Who Are You Holding Hostage?
Sometimes
we take another person hostage within our hearts. Subconsciously, we want this
person to give us something. And that something is usually the same something
we wanted and needed our mothers or fathers to give us, like love, approval,
affirmation, warmth or a sense of belonging. Mom and Dad weren’t able to give
us these things. For whatever reason, they didn’t have them to give. And more
often than not, the persons that we tend to take hostage in our hearts are
exactly like Mom and Dad. They are equally unable to give us what we want and
need because they don’t have it to give.
The
problem is that we rarely understand this. We don’t get it that the very people
we are most attracted to are the very people who are most like our emotionally
unavailable parents. This doesn’t mean that they aren’t good people. They may
be kind, attentive and generous in other ways, but when it comes to what we
really need from them—love and affirmation—their wellsprings have long been dry.
No
one can give us something they don’t possess. And too often we don’t understand
this.
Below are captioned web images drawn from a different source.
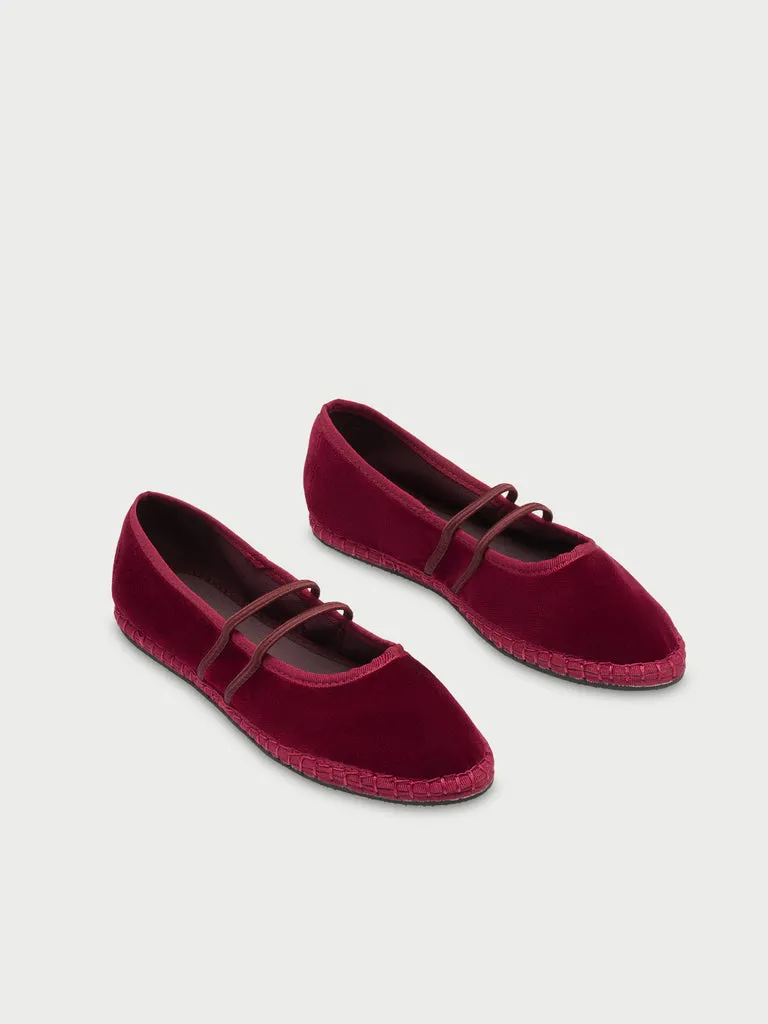 Flagelus Laurance Burgundy pantofi visinii catifea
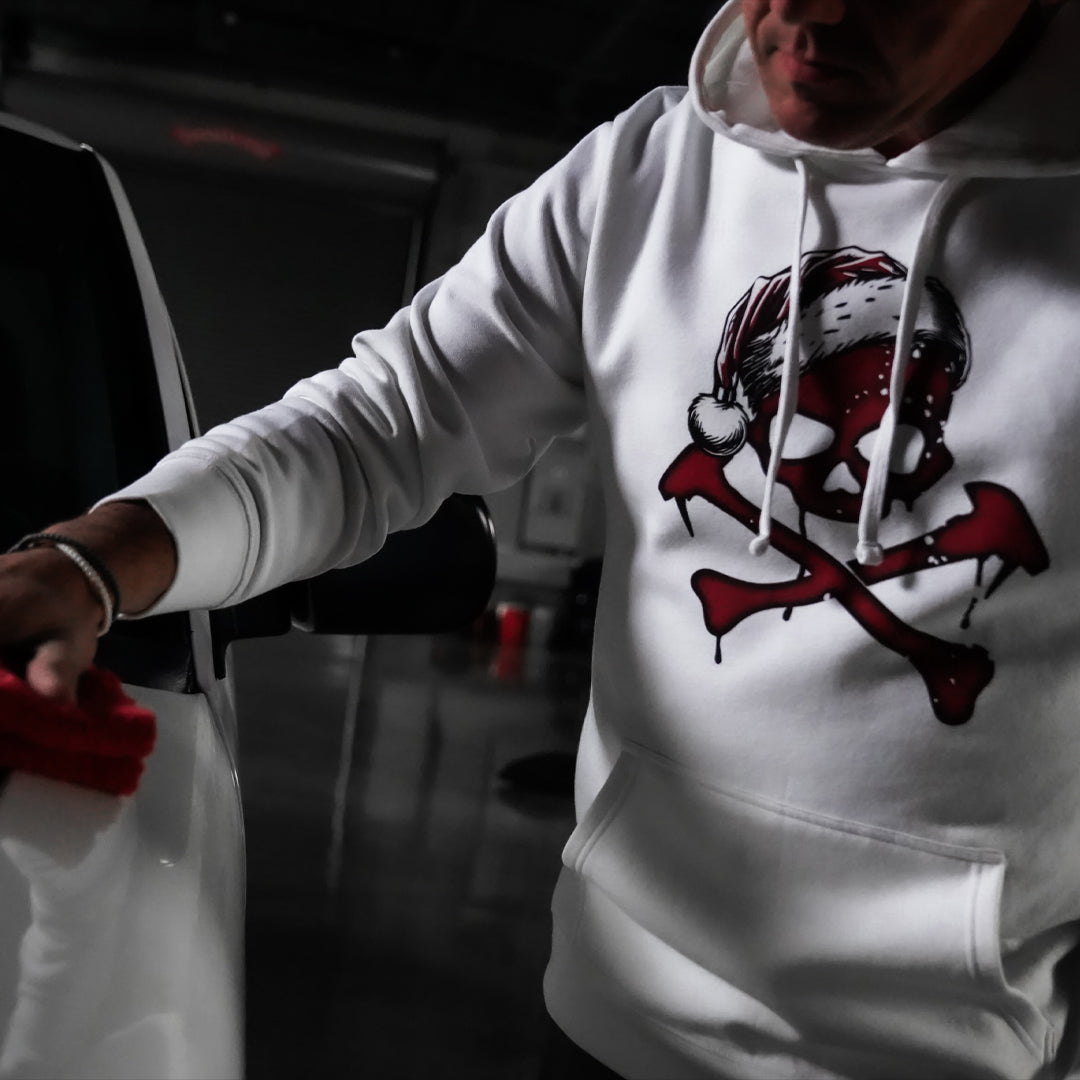 XMAS SKULL & BONES HOODIE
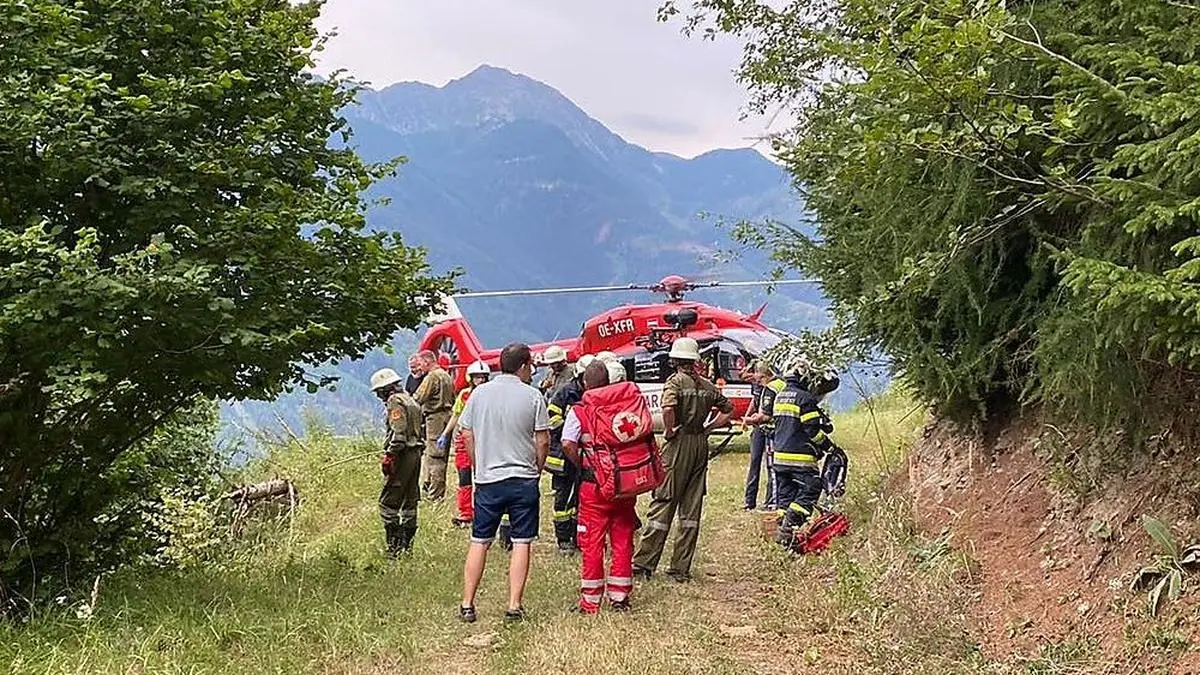 Bergung der Schwerverletzten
We expect that they should be able to give us the love and approval that
we so desperately need from them. When they default on our demands, we then
become frustrated and angry with them. And then many of us go storming out of
the relationship disappointed and feeling even less lovable than we did before
we entered it.
The
point I’m making here is that we need to know and understand our own behavior
when we are making demands on other people-- in addition to understanding their
behavior. First we need to understand that certain other people we are
attracted to are emotionally unavailable. In fact, that IS the attraction-- the
very fact that they ARE emotionally unavailable just like Mom or Dad. Secondly,
we need to understand that we are emotionally demanding that they give us the
love that they do not have to give. We need to understand that we are trying to
squeeze lemonade out of a rock. And we need to stop it.
And
we also need to gain great insight to this: Just because we finally get what’s
happening—the fact that this person cannot give us what we want—doesn’t mean
that in our minds and hearts we aren’t still expecting that they should still
be giving it to us. I’ve discovered that even when I realize that someone can’t
give me what I want from them, deep down I am still wanting them to give it to
me anyway. And I’m still treating them like they should be able to give me the
love I want. This is because I haven’t fully accepted the fact that they are
incapable and that I need to surrender my desires to a Higher Power, accept
that this person can’t love me the way that I need them to and let go of my
inner mental and emotional demands that they be able to do so.
If
you are currently taking someone hostage in your heart take a few moments to
understand your attraction to this person, to understand whether or not they
are emotionally available and to understand whether or not they are equipped to
meet the emotional demands you are placing on them. If they are not emotionally
available to you—or anyone—then ask God to help you release them. Understand
that the fact that they can’t give you the love you need isn’t about you, it’s
about them. It doesn’t mean that you are unlovable. It just means that you have
chosen the wrong person to meet your emotional needs. Release this person with
love, understanding that he/she may still be a good friend to you, and that
they, too, are broken inside in ways that are every bit as painful for them as
your own brokenness is painful for you.
Detach
with love and then be open to meeting people who are emotionally available and
who can give you the emotional nurturing that you need.